**WORK REQUEST**
Copy all entries verbatim and keep any pictures out of the copy.

(Crawled caption data)
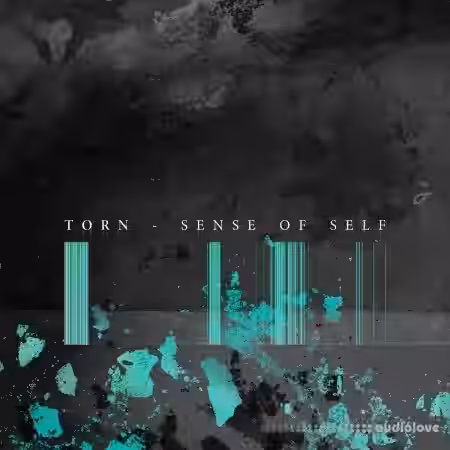 Torn Sense of Self (Sample Pack) [WAV] - Sample Pack Artwork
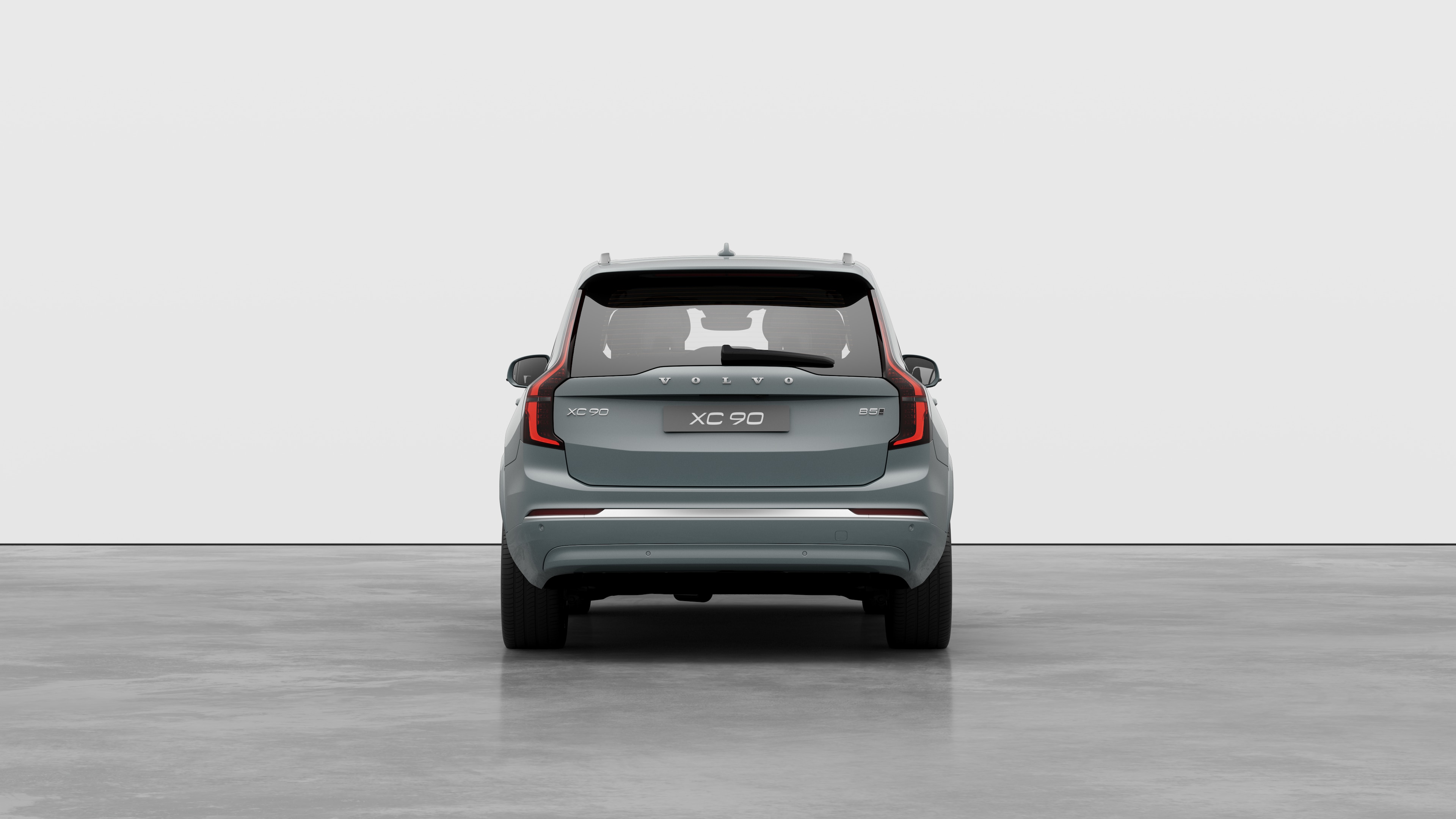 Вид сзади на однотонный студийный фон.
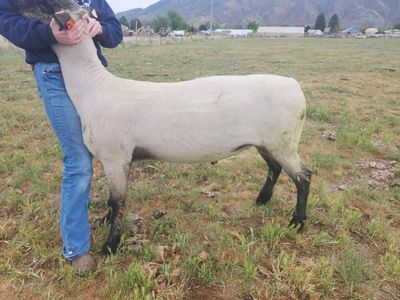 Registered Hampshire Yearling Ram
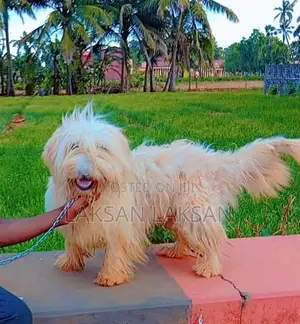 Terrier Male Dog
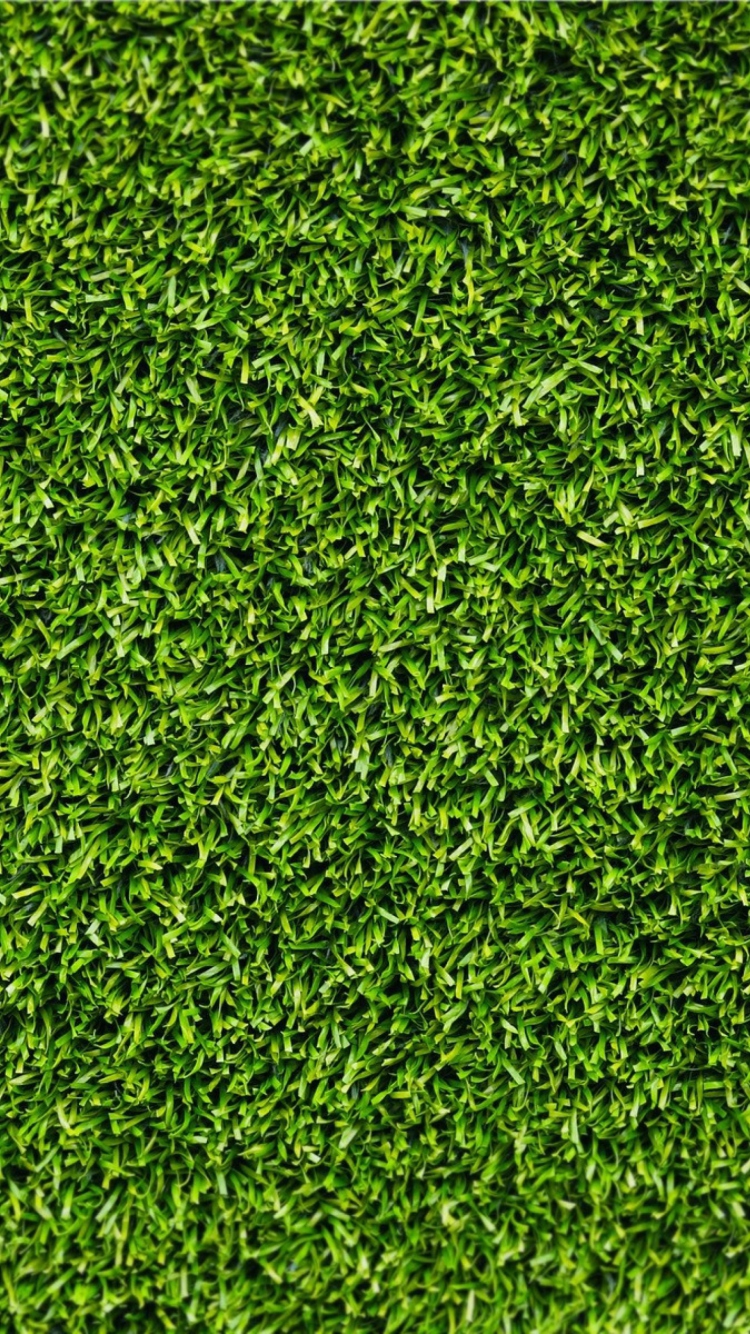 Screenshot №1 pro téma Green Grass 750x1334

**ANSWER BOX**
 Torn Sense of Self (Sample Pack) [WAV] - Sample Pack Artwork
 Вид сзади на однотонный студийный фон.
 Registered Hampshire Yearling Ram
 Terrier Male Dog
 Screenshot №1 pro téma Green Grass 750x1334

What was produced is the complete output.